North Dakota, the nation's second-largest oil producing state, pumped out 1.03 million barrels in June, down from 1.05 million the month before, according to state data released Friday. Daily production in North Dakota hit its lowest point in 26 months, and is well off the all-time high of 1.23 million barrels a day in December 2014.

West Texas Intermediate Crude, the benchmark U.S. oil price, closed at $44.49 a barrel Friday, a three-week high. But that's below the $50 to $60 mark needed to spark more activity on the Bakken range. And a rally earlier this year — which saw WTI rise from a decade low of around $35 to over $50 in June — fizzled.
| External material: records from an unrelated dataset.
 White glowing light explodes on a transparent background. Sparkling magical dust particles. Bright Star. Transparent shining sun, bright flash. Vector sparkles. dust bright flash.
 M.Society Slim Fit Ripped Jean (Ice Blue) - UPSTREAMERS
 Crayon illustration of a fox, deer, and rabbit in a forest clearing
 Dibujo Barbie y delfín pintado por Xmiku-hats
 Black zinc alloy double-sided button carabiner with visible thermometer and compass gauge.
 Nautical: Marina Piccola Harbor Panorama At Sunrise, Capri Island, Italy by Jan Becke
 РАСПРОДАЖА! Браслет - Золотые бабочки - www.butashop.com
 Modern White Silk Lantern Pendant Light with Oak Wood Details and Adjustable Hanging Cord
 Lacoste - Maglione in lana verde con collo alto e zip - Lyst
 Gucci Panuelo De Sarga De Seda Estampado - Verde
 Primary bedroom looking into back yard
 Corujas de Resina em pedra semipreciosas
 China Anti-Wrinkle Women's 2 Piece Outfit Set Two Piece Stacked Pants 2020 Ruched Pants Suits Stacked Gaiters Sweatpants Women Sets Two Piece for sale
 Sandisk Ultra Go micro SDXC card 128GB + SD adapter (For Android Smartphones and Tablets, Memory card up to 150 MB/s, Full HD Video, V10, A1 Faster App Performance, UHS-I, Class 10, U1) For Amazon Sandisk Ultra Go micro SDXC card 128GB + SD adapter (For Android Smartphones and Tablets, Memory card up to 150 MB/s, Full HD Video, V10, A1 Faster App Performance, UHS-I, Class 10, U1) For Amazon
The hydraulic fracturing process used to extract oil in North Dakota is more ­expensive than traditional oil drilling, making the state more vulnerable to lower oil prices.

The drill rig count in North Dakota stands at 34, up by three from July but well below the peak of 218 in May 2012. The overall U.S. rig count has risen for seven straight weeks, according to Baker Hughes, an oil field service company.

In North Dakota, permits for drill rigs have also increased sharply in the past two months, as operators begin to position themselves for higher oil prices in 2017, according to a monthly report by Lynn Helms, head of the state's Department of Mineral Resources.

Still, oil price weakness is expected to continue into at least the third quarter and perhaps into the second quarter of 2017, Helms wrote.

Essentially, there's no end in sight to the global glut of oil production.